Despite the promise of WM training, the research supporting its effectiveness is not yet conclusive. In particular, the far-transfer effects found in some studies are controversial. First, several studies have reported null effects of training (see, e.g., Craik, Winocur, Palmer, Binns, Edwards, Bridges and Stuss, 2007; Owen, Hampshire, Grahn, Stenton, Dajani, Burns and Ballard, 2010; Zinke, Zeintl, Eschen, Herzog, & Kliegel, 2011), and even studies that have used the same training regimen have sometimes found transfer, and sometimes not (Anguera, Bernard, Jaeggi, Buschkuehl, Benson, Jennett, & Seidler, 2012; Bergman Nutley et al., 2011; Holmes et al., 2009; Jaeggi, Buschkuehl, et al., 2010; Klingberg et al., 2005; Redick, Shipstead, Harrison, Hicks, Fried, Hambrick and Engle, 2013; Thorell et al., 2009). One explanation for these inconsistent results across studies may be individual differences in age, personality or preexisting abilities that limit the effectiveness of training for some individuals (Chein & Morrison, 2010; Shah, Buschkuehl, Jaeggi, & Jonides, 2012; Zinke et al., 2011; Zinke, Zeintl, Rose, Putzmann, Pydde, & Kliegel, 2013; Studer-Luethi, Jaeggi, Buschkuehl, & Perrig, 2012). It is also possible that motivational conditions in a particular study (e.g., the degree to which participants are intrinsically vs. extrinsically motivated to participate) influence the effectiveness of training (Anguera et al., 2012; Jaeggi et al., 2011a). Finally, other experimental conditions—such as training time, experimenter supervision of the training process, group versus single-subject settings, quality of instructions, or feedback—may also have an impact on training outcomes (cf. Basak, Boot, Voss, & Kramer, 2008; Jaeggi et al., 2008; Tomic & Klauer, 1996; Verhaeghen, Marcoen, & Goossens, 1992).

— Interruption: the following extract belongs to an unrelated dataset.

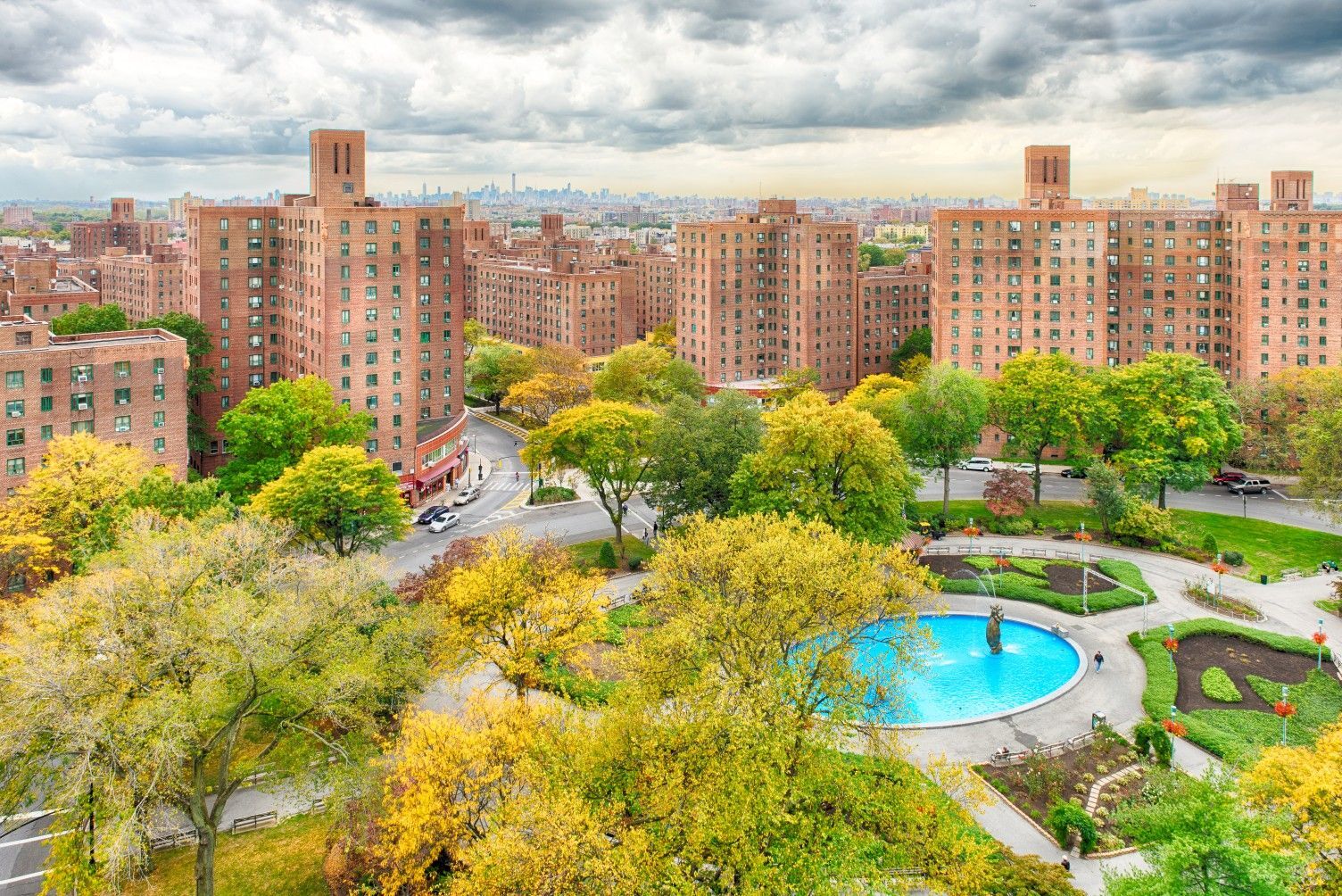 14101491 Metropolitan Ave, Bronx, NY 10462 Parkchester Retail District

In addition to inconsistent transfer effects across studies, some of the research that has reported evidence of far transfer as a result of WM training has been criticized for methodological flaws and/or potential for alternative explanations of the transfer effects. For example, some studies have not included an active control group, yielding the possibility that the transfer found in those studies may be attributable to a Hawthorne effect (Mayo, 1933) or to placebo effects more generally. Other studies have included an active control group, but the nature of the control task has been criticized as being less demanding, engaging, or believable as an intervention than the task experienced by the WM group. Studies have also been criticized for the use of just one or very few far-transfer tasks, rather than using multiple tasks to represent a cognitive construct such as fluid intelligence. Furthermore, some studies have not reported improvements on near-transfer tasks, making it difficult to assess what the underlying mechanisms of improvement might be and leaving open the possibility of placebo-type factors (cf. Buschkuehl & Jaeggi, 2010; Morrison & Chein, 2011; Rabipour & Raz, 2012; Shipstead, Redick, & Engle, 2012, for further discussions). Finally, it is still unresolved whether transfer effects last beyond the training period, and if so, for how long. Only a handful of studies have tested the long-term effects of training by retesting both the experimental and control groups some time after training completion (Borella et al., 2010; Buschkuehl et al., 2008; Carretti et al., 2013; Jaeggi et al., 2011a; Klingberg et al., 2005; Van der Molen, Van Luit, Van der Molen, Klugkist, & Jongmans, 2010). Indeed, some evidence for long-term effects could be attributed to training, but other effects, such as transfer effects that are only present at a long-term follow-up but not at the posttest (“sleeper effects”), are difficult to interpret (Holmes et al., 2009; Van der Molen et al., 2010).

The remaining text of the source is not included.